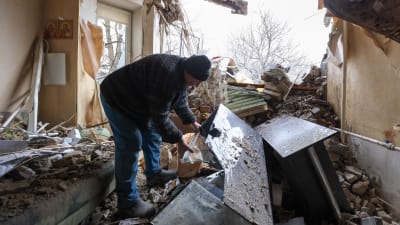 En man rotar genom bråte i en sönderbombad lägenhet.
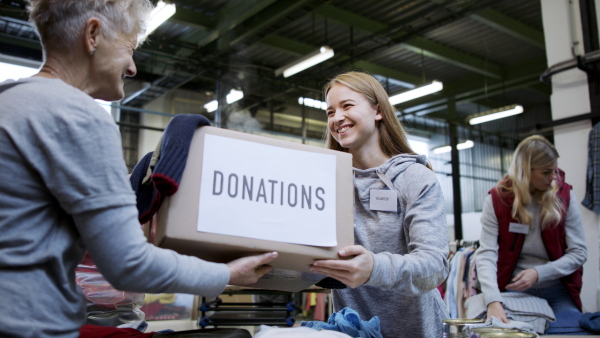 Portrait of volunteers sorting out donated clothes in community charity donation center, coronavirus concept.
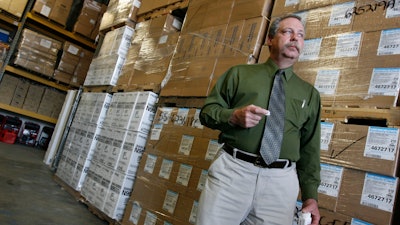 In this April 29, 2009, file photo, Don Wood, an official with the Strategic National Stockpile, awaits another truck load of medications in Salt Lake City, Utah during a swine flu outbreak from the H1N1 virus. The 2009 H1N1 pandemic prompted the largest use to date of the stockpile, which was created in 1999. It has never confronted anything on the scale of the current COVID-19 pandemic.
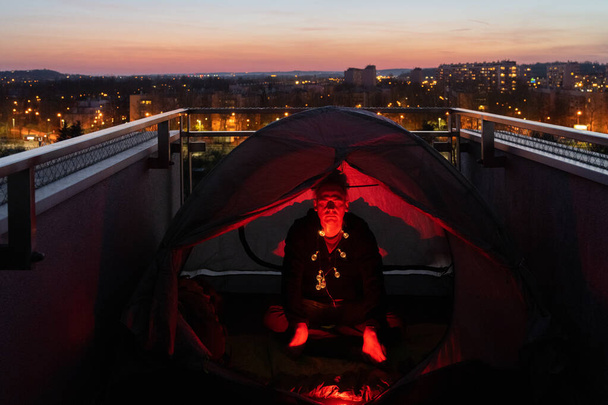 Man is meditating in touristic tent on the balcony of his apartment during coronavirus quarantine - Fotografie, Obrázek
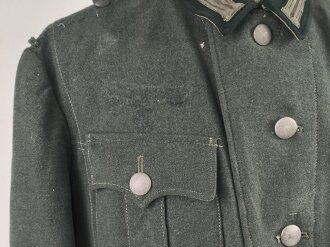 Feldbluse Modell 1935 für Mannschaften des Heeres. Stark getragenes Kammerstück, selten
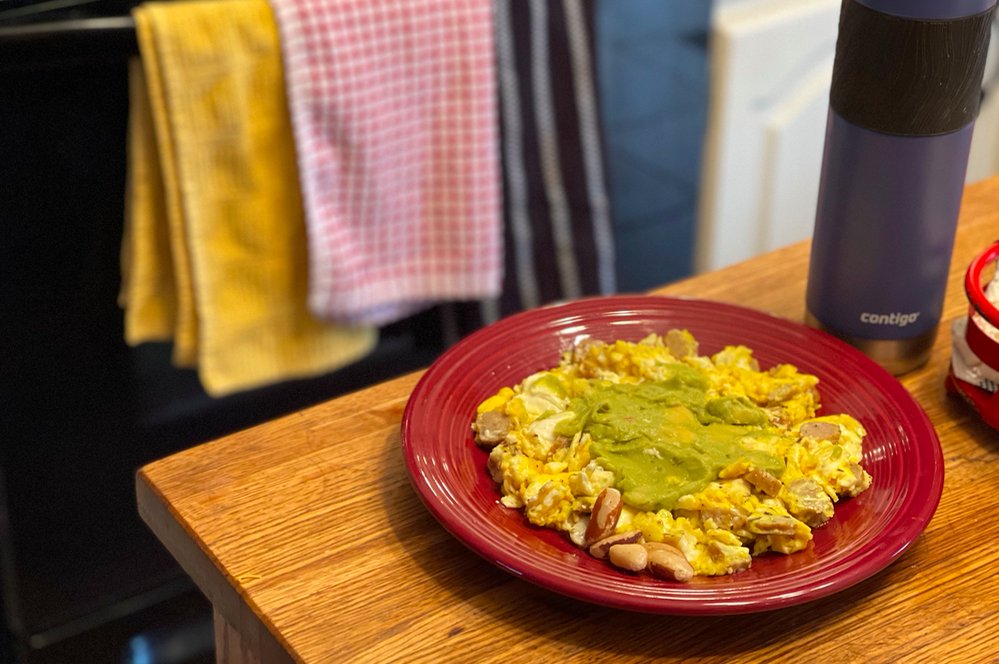 (2/8)I probably have eggs 5x per week as my first meal of the day. This concoction (4 eggs, sausage, butter, guacamole, cream cheese) is VERY  #keto. Total calories: 1,393, with 86% from fat, 11% protein and 3% carbs.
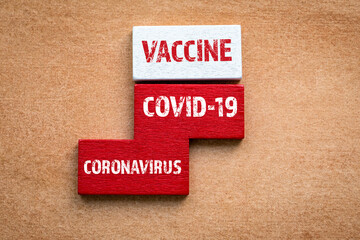 VACCINE and COVID-19 CORONAVIRUS concept. Colored wooden blocks, puzzle and mind game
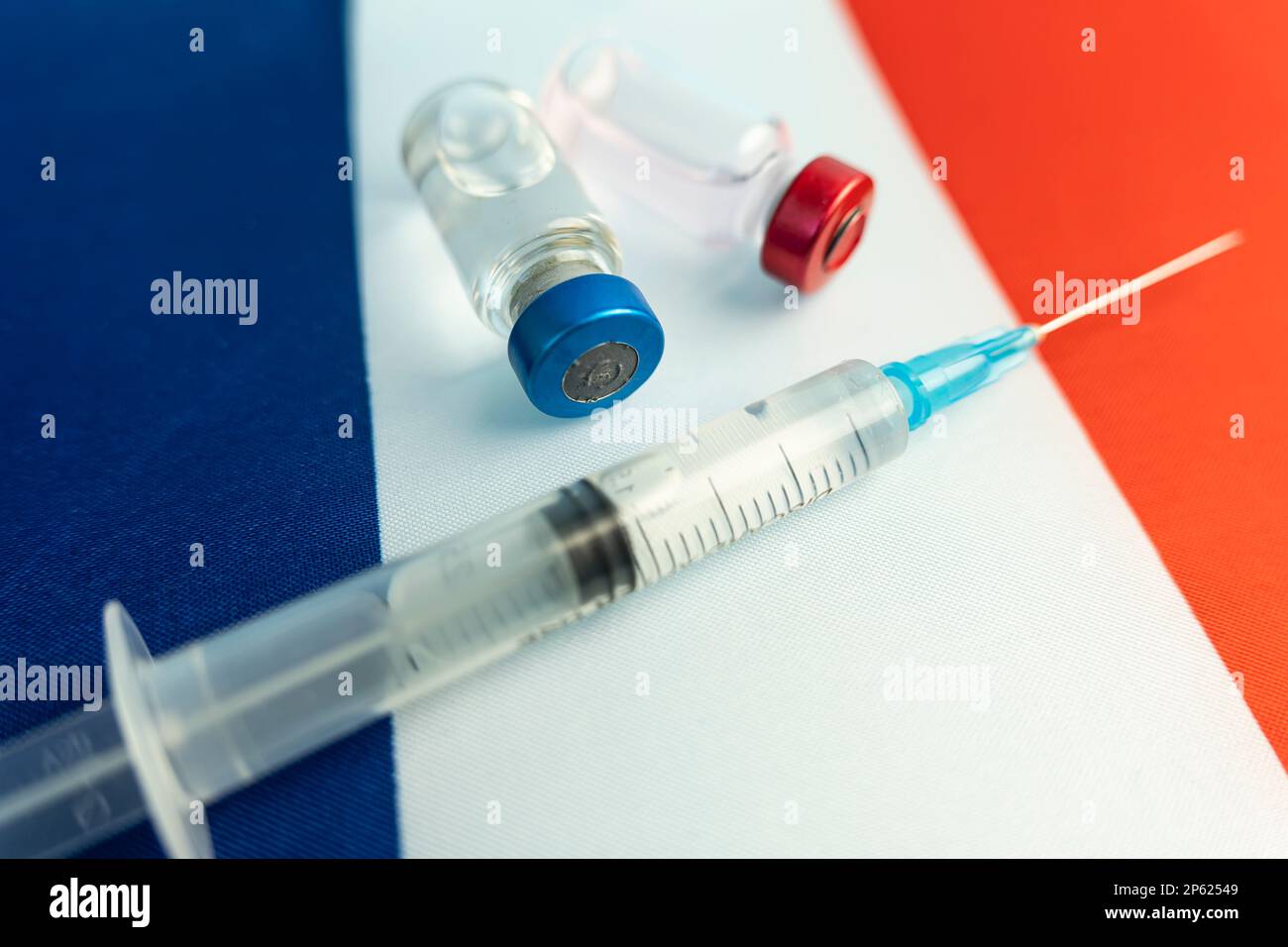 Pharmacology and Medicine France Concept. vaccino contro il coronavirus covid. Fiale di vaccino, siringa sullo sfondo della bandiera nazionale. nazione Foto Stock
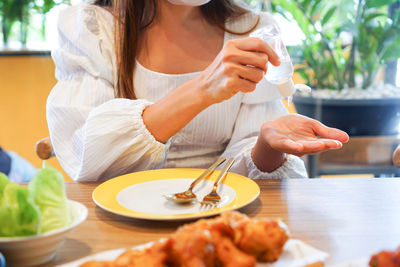 Woman apply hand sanitizer before eating in restaurant for disinfection virus, bacteria and germs. 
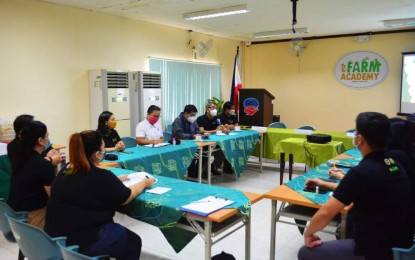 <p><strong>COLLABORATION.</strong> Officials of Central Luzon State University and the Department of Trade and Industry in Nueva Ecija sign the memorandum of agreement on Wednesday (June 8, 2022) to accelerate a learning program that will benefit micro, small and medium enterprises (MSMEs). The program involves the implementation of engaging Food and Agricultural Resources Management (eFARM) Academy, a Commission on Higher Education (CHED)-funded program that aims "to provide learnings on how to address the needs of the community towards sustainable agriculture" amid the coronavirus disease 2019 (Covid-19) pandemic. <em>(Contributed Photo)</em></p>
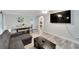 Open living space with L-shaped sofa, dining area, and large TV at 2622 E Genesee St, Tampa, FL 33610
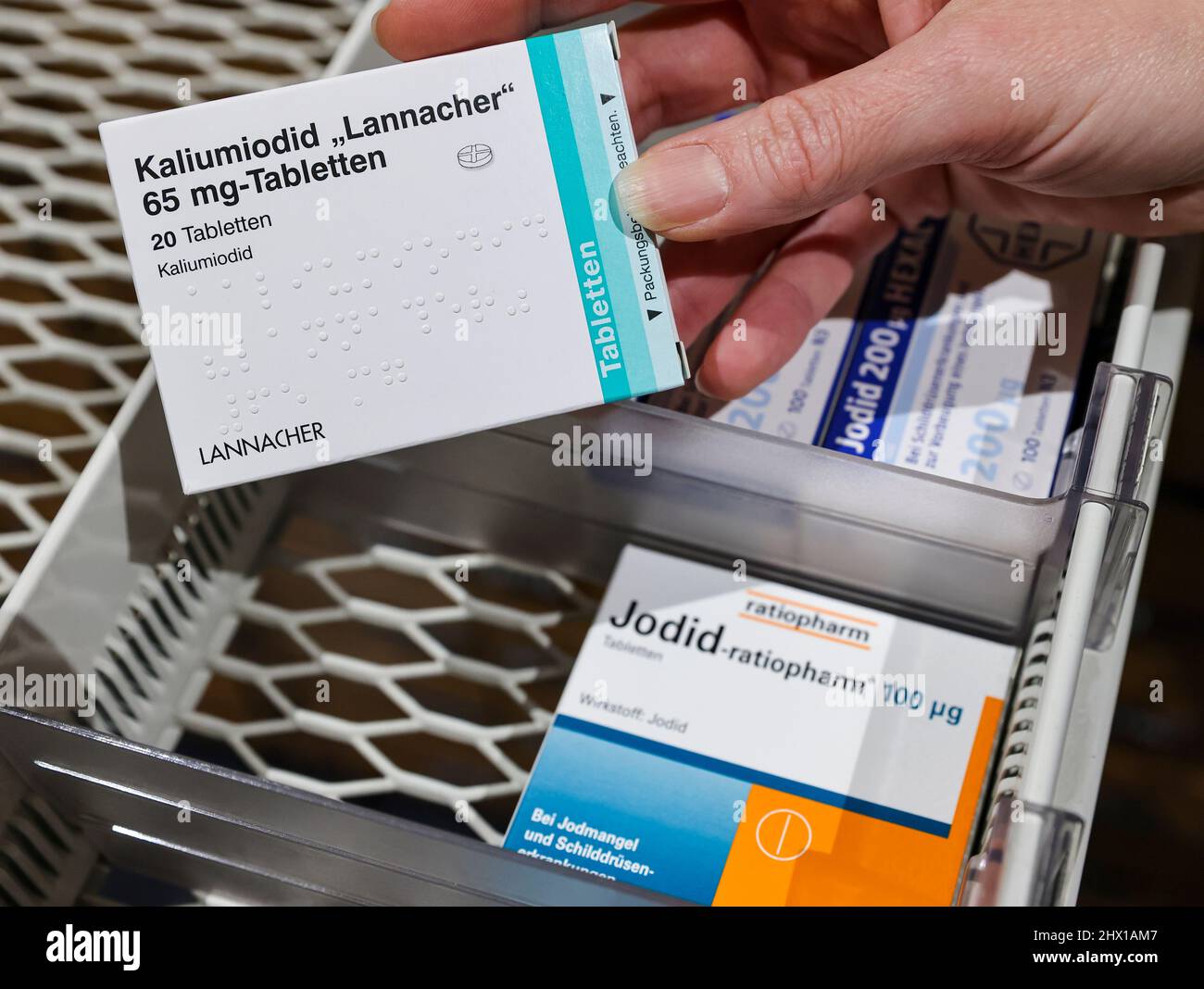 08 March 2022, Saxony, Leipzig: A pharmacist takes a pack of high-dose iodine tablets from a supply cabinet, next to which are weaker doses for thyroid disorders. The increased demand for iodine tablets due to the war in Ukraine could lead to problems for patients with thyroid diseases. Certain preparations are no longer available, the Saxon Pharmacists Association informed on request - and warned against a preventive intake of low-dose iodine tablets. The authorities responsible for disaster control have stockpiled around 190 million tablets in significantly stronger doses for this purpose. P Stock Photo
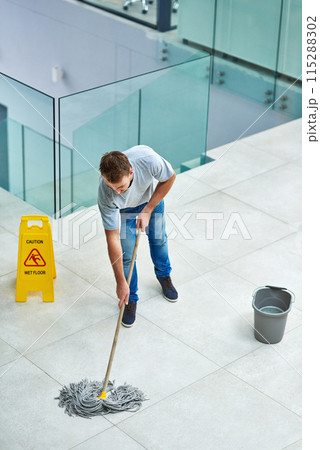 Man, janitor and mopping office floor or cleaning hygiene with caution sign or water, soap or bacteria. Male person, disinfection and corporate building as washing service or dirty, wellness or job 115288302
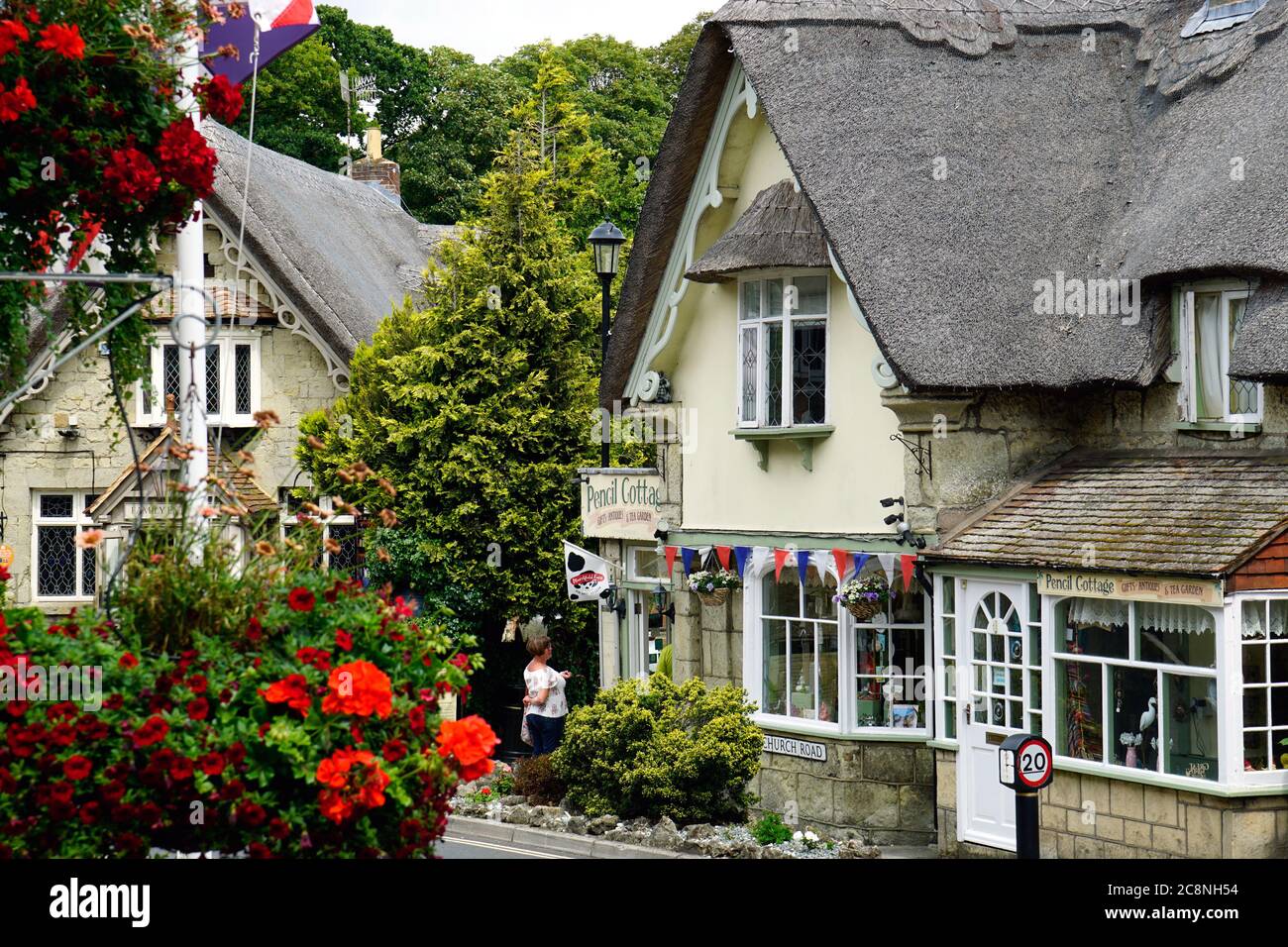 Shanklin, Isle of Wight, UK. July 14, 2020.  Tourst queue under coronavirus rule to enter Pencil cottage in the beautiful thatched village of Shanklin. Stock Photo
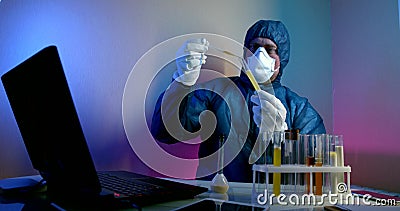 Doctor is dropping medicament in vial with coronavirus, performing experiment and looking for cure Stock Photo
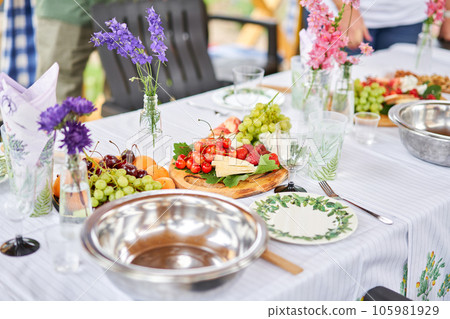 Master class and cheese tasting. Women make cheese. The enzyme and starter culture are added to the milk in a metal container. Milk folding process, home production, business, entrepreneur. 105981929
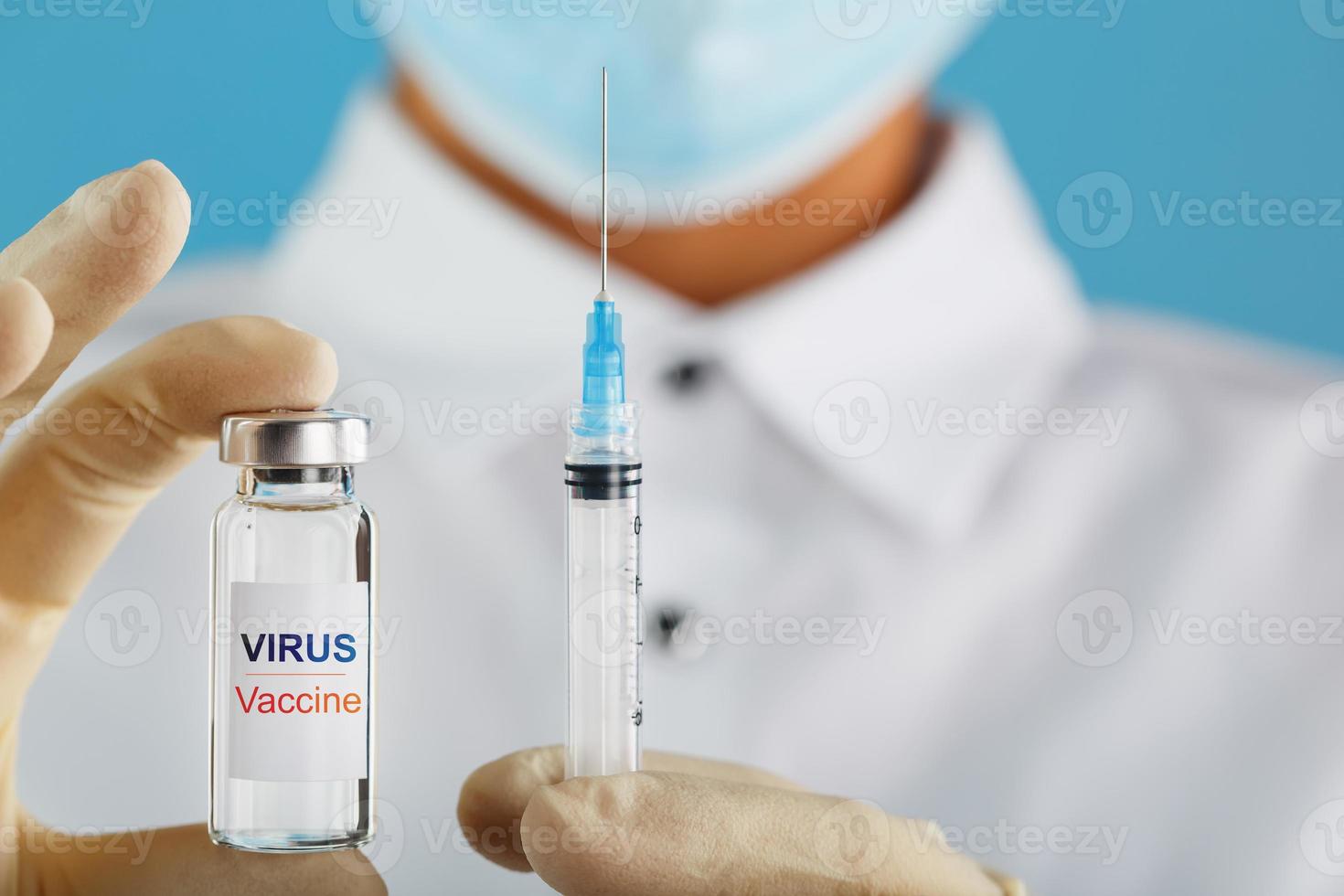 una ampolla con la vacuna del virus de la inscripción y una jeringa en manos de un médico científico con guantes de goma con un primer plano de la vacuna. foto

|---|

- **Problem statement**:
Wherever a picture appears in the data, please drop it and retype the rest exactly.

- **Problem solution**:
 En man rotar genom bråte i en sönderbombad lägenhet.
 Portrait of volunteers sorting out donated clothes in community charity donation center, coronavirus concept.
 In this April 29, 2009, file photo, Don Wood, an official with the Strategic National Stockpile, awaits another truck load of medications in Salt Lake City, Utah during a swine flu outbreak from the H1N1 virus. The 2009 H1N1 pandemic prompted the largest use to date of the stockpile, which was created in 1999. It has never confronted anything on the scale of the current COVID-19 pandemic.
 Man is meditating in touristic tent on the balcony of his apartment during coronavirus quarantine - Fotografie, Obrázek
 Feldbluse Modell 1935 für Mannschaften des Heeres. Stark getragenes Kammerstück, selten
 (2/8)I probably have eggs 5x per week as my first meal of the day. This concoction (4 eggs, sausage, butter, guacamole, cream cheese) is VERY  #keto. Total calories: 1,393, with 86% from fat, 11% protein and 3% carbs.
 VACCINE and COVID-19 CORONAVIRUS concept. Colored wooden blocks, puzzle and mind game
 Pharmacology and Medicine France Concept. vaccino contro il coronavirus covid. Fiale di vaccino, siringa sullo sfondo della bandiera nazionale. nazione Foto Stock
 Woman apply hand sanitizer before eating in restaurant for disinfection virus, bacteria and germs. 
 <p><strong>COLLABORATION.</strong> Officials of Central Luzon State University and the Department of Trade and Industry in Nueva Ecija sign the memorandum of agreement on Wednesday (June 8, 2022) to accelerate a learning program that will benefit micro, small and medium enterprises (MSMEs). The program involves the implementation of engaging Food and Agricultural Resources Management (eFARM) Academy, a Commission on Higher Education (CHED)-funded program that aims "to provide learnings on how to address the needs of the community towards sustainable agriculture" amid the coronavirus disease 2019 (Covid-19) pandemic. <em>(Contributed Photo)</em></p>
 Open living space with L-shaped sofa, dining area, and large TV at 2622 E Genesee St, Tampa, FL 33610
 08 March 2022, Saxony, Leipzig: A pharmacist takes a pack of high-dose iodine tablets from a supply cabinet, next to which are weaker doses for thyroid disorders. The increased demand for iodine tablets due to the war in Ukraine could lead to problems for patients with thyroid diseases. Certain preparations are no longer available, the Saxon Pharmacists Association informed on request - and warned against a preventive intake of low-dose iodine tablets. The authorities responsible for disaster control have stockpiled around 190 million tablets in significantly stronger doses for this purpose. P Stock Photo
 Man, janitor and mopping office floor or cleaning hygiene with caution sign or water, soap or bacteria. Male person, disinfection and corporate building as washing service or dirty, wellness or job 115288302
 Shanklin, Isle of Wight, UK. July 14, 2020.  Tourst queue under coronavirus rule to enter Pencil cottage in the beautiful thatched village of Shanklin. Stock Photo
 Doctor is dropping medicament in vial with coronavirus, performing experiment and looking for cure Stock Photo
 Master class and cheese tasting. Women make cheese. The enzyme and starter culture are added to the milk in a metal container. Milk folding process, home production, business, entrepreneur. 105981929
 una ampolla con la vacuna del virus de la inscripción y una jeringa en manos de un médico científico con guantes de goma con un primer plano de la vacuna. foto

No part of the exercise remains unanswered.